The time lapse between surfing and chronicling surfing grows ever greater! I so much admire people who write timely and consistently.
#53: Overhead, howling offshore wind. I brought the 7’5″ and the 7’8″ – should’ve brought a longboard, I realized while looking at who was catching waves and who wasn’t. Picture-perfect waves that took quite a bit of effort – and board – to catch. I opted for the 7’5″ funboard, thinking the slight extra floatiness would help. Paddled out.
Oh, right. That current. The one that makes reaching the outside so simple and staying in place so hard. Don’t mind me while I float away to China. Important to remember: Don’t stop paddling unless you’re standing up on a wave. I could see right away the effort-to-payoff ration of this session was going to be high.
Lucky me, though – a friend was heading in, asked if I wanted to borrow his longboard, a sweet Robert August model. Of course I said, Yes, please!

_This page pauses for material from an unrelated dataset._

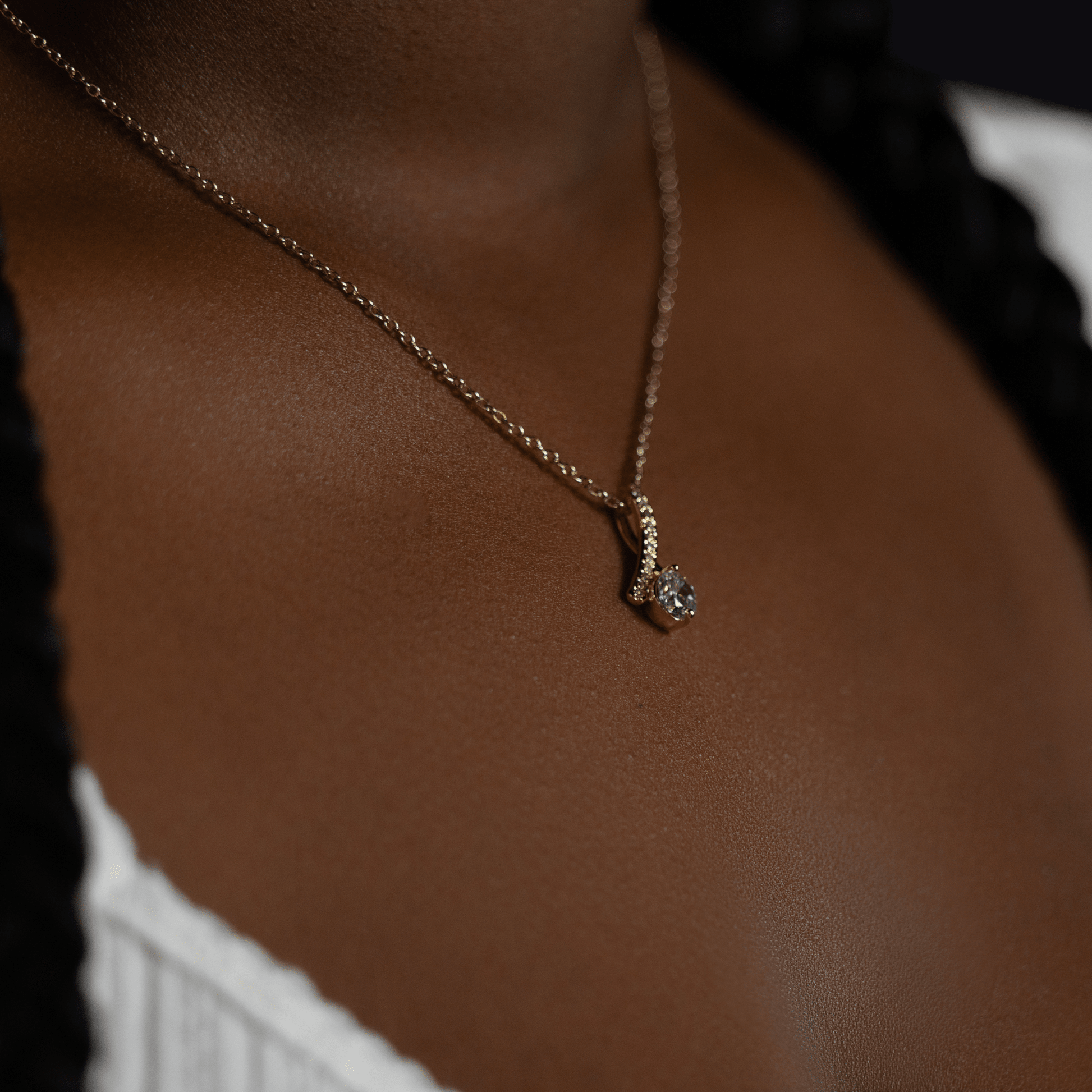 person wearing a gold chain necklace with a small silver pendant featuring a clear gemstone, shown against dark brown skin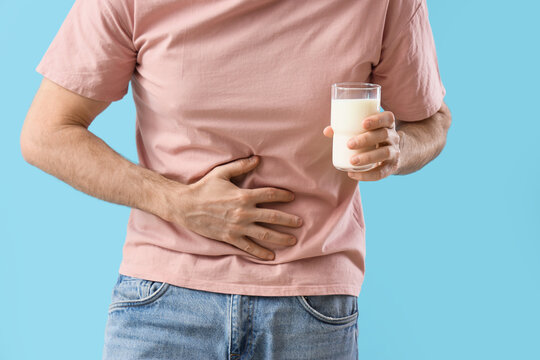 Young man with bellyache and glass of milk on blue background, closeup. Food Allergy Awareness Month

And, thanks to the offshore wind and soft waves, this is how long following him in to get it took: He’d completely changed out of his wetsuit into his clothes and was about to hop in his truck. He kindly took my board to drop at my truck and I paddled back out with renewed enthusiasm.
Now, BK is one of the best surfers around here. I had no illusions that using his board would magically improve my own skills… okay, maybe a little. At first, I still struggled to catch waves – paddling against that offshore wind adds a degree of difficulty I cannot always overcome. Repeatedly, I found myself in position, stroking into the wave, poised to drop down and pop up, only to feel the wind push me back, spray blinding me besides. Adjustment was called for.

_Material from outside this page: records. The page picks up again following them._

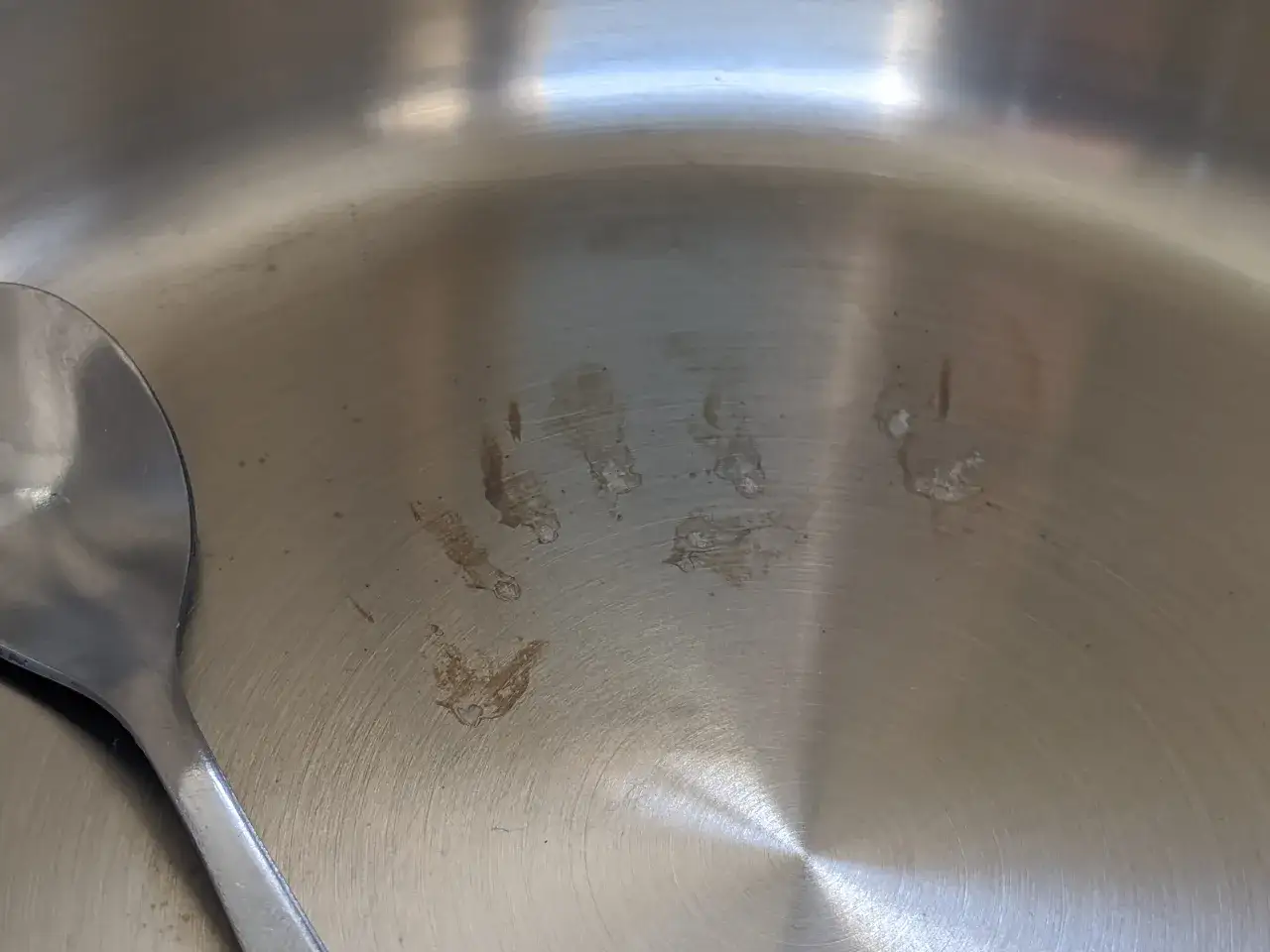 Une cuill&egrave;re repose dans une casserole en inox, marqu&eacute;e de quelques taches bleues et de r&eacute;sidus de cuisson.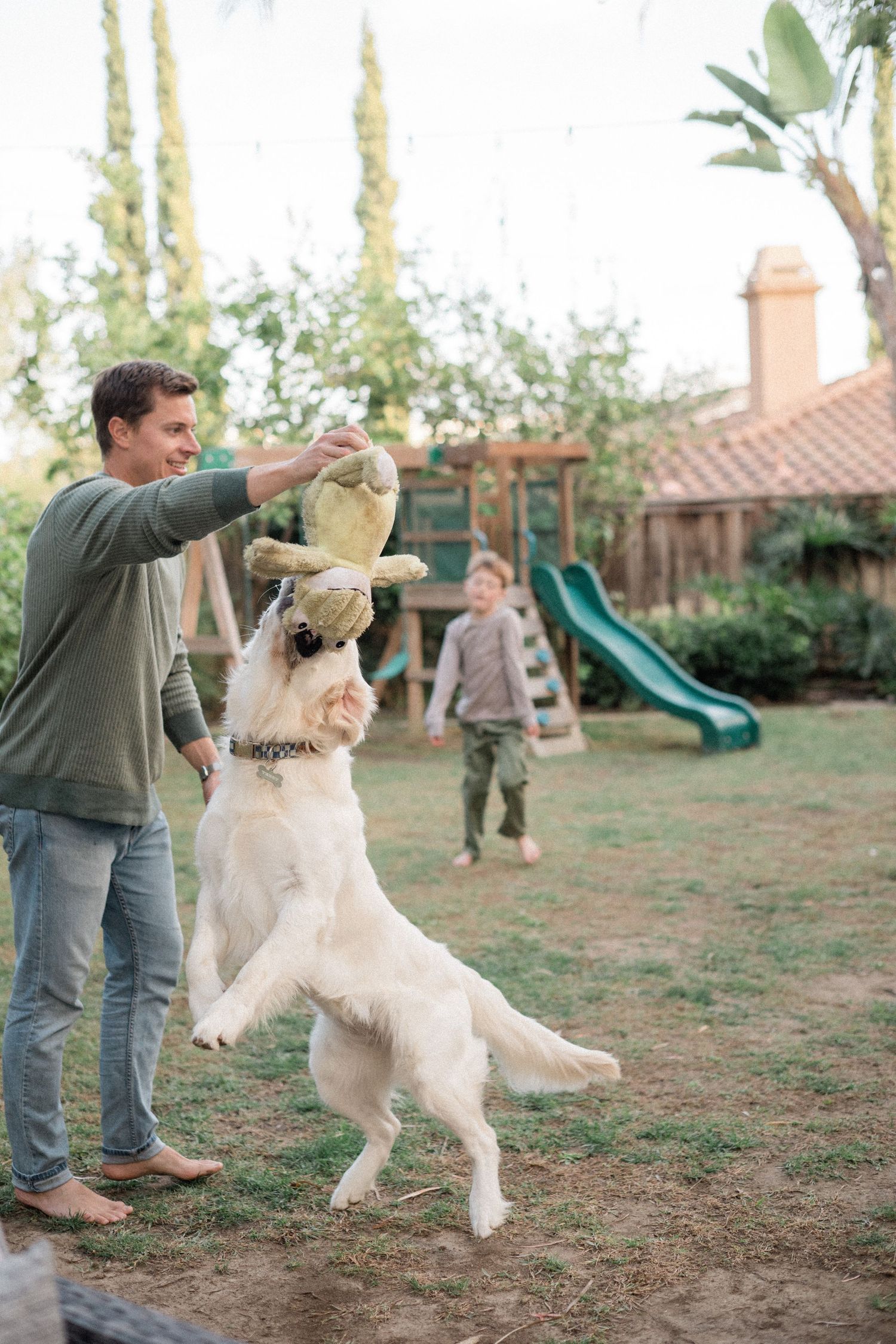 Man playing fetch with golden retriever in backyard while child plays near green slide.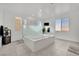 Modern bathroom with a large soaking tub and glass shower at 2188 Radiant Horizon Ave, Henderson, NV 89052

I scooted up an inch on the board, hoping the forward shift in weight would help. I steeled myself to take off later, noting that even the sets – coming in a few feet overhead – were forgiving and I’d rather wipe out than continue not catching anything. It worked! Suddenly, finally, I had enough momentum to overcome the wind.
Payoff. Now that I had the timing dialed in, I caught wave after wave. Mostly left-go-rights, an occasional right that I consistently failed to be able to turn left on. Turning frontside is so much easier for me, especially on a longboard. When I’m cruising right and want to cut left, I turn my body expecting the board to follow, but since I habitually fail to shift my weight onto my back foot, my body ends up being the only thing that turns – and I turn myself right off the board.
Despite my kookiness, and thanks to the loaner board, so much fun. I needed that. Like being home and happy to be there.